(SOURCE DATA)

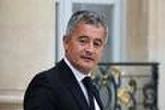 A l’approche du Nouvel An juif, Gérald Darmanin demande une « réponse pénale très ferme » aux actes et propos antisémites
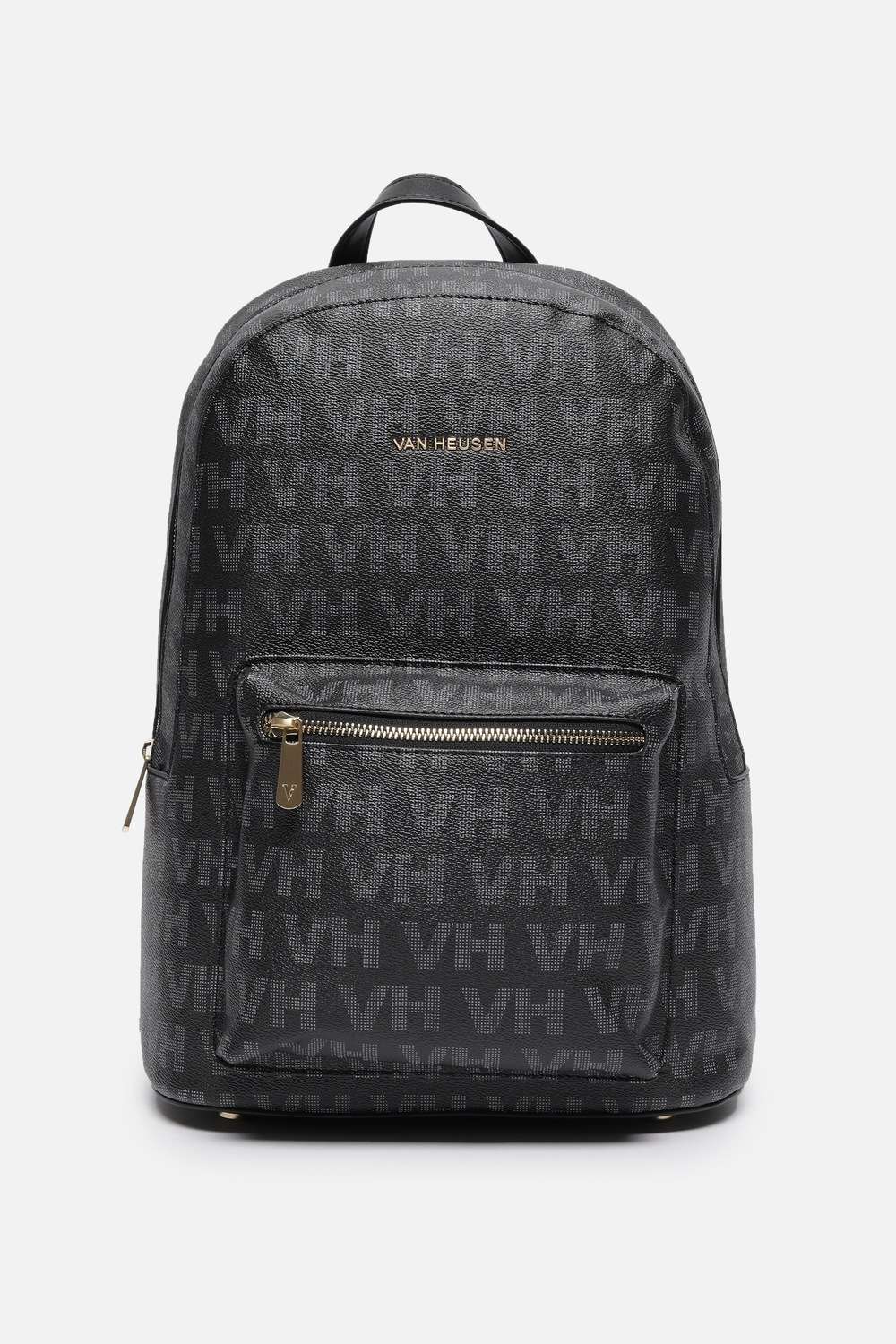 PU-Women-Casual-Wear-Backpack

(End SOURCE DATA)
(SOURCE DATA)

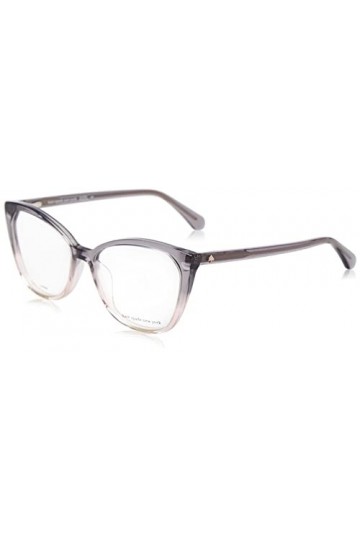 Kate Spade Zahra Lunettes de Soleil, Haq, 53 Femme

(End SOURCE DATA)
(SOURCE DATA)

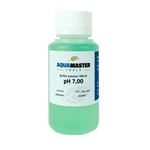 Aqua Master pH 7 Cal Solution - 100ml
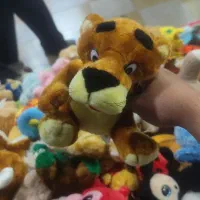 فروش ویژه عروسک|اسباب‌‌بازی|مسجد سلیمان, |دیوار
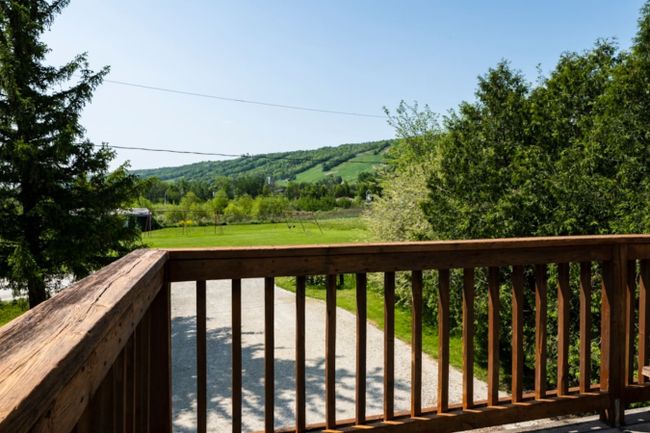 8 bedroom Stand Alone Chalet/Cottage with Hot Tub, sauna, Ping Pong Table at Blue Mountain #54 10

(End SOURCE DATA)

» **EXERCISE DIRECTIONS**: The copy should hold exactly the lines above from the one with "A l’approche du" through the one with "PU-Women-Casual-Wear-Backpack", both ends counted, and no pictures at all.

» **FINAL ANSWER**:
 A l’approche du Nouvel An juif, Gérald Darmanin demande une « réponse pénale très ferme » aux actes et propos antisémites
 PU-Women-Casual-Wear-Backpack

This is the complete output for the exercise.